Hello John,

Great to read your thoughts on the topic - I am a huge admirer of
your work and we both seem to cope with similar issues with
Org-mode.

* John Kitchin <jkitc...@andrew.cmu.edu> wrote:
>
> One is to use the new dynamic module capability to write an org parser in
> C, or a dedicated agenda function, which would presumably be faster than in
> elisp.  This seems hard, and for me would certainly be a multiyear project
> I am sure! The downside of this is the need to compile the module. I don't
> know how easy it would be to make this work across platforms with the
> relatively easy install org-mode currently has.

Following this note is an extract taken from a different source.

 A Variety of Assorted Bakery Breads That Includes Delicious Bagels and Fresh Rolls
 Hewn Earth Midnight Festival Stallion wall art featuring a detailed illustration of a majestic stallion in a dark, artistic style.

This could have a side
> benefit though of a c-lib that could be used by others to expand where
> org-mode is used.

I'm not a fan of C at all but having the parser in C with the
possibility to use this parser for external tools as well sounds
awesome to me. After all, I've written a primitive parser for a
sub-set of Org-mode for https://github.com/novoid/lazyblorg using
Python.

> The other way that might work is to rely more heavily on a cached version
> of the files, perhaps in a different format than elisp, that is faster to
> work with. The approach I have explored in this is to index org files into
> a sqlite database. The idea then would be to generate the agenda from a sql
> query. I use something like this already to "find stuff in orgmode
> anywhere". One of the reasons I wrote this is the org-agenda list of files
> isn't practical for me because my files are so scattered on my file system.
> I had a need to be able to find TODOs in research projects in a pretty wide
> range of locations.
>
> The code I use is at
> https://github.com/jkitchin/scimax/blob/master/org-db.el, and from one
> database I can find headlines, contacts, locations, TODO headlines across
> my file system, all the files that contain a particular link, and my own
> recent org files. 

I didn't try org-db.el yet. So far, I survived using "git grep" and
counsel-grep [0]

> I am moderately motivated to switch from sqlite to MongoDB

Is org-db.el your standard way of accessing informations or do you
use it only for occasional searches where you assume that the usual
methods would be slow?

> The main point of the database was to get a query language, persistence and
> good performance. I have also used caches to speed up using bibtex files,
> and my org-contacts with reasonable performance. These have been all elisp,
> with no additional dependencies. Maybe one could do something similar to
> keep an agenda cache that is persistent and updated via hook functions.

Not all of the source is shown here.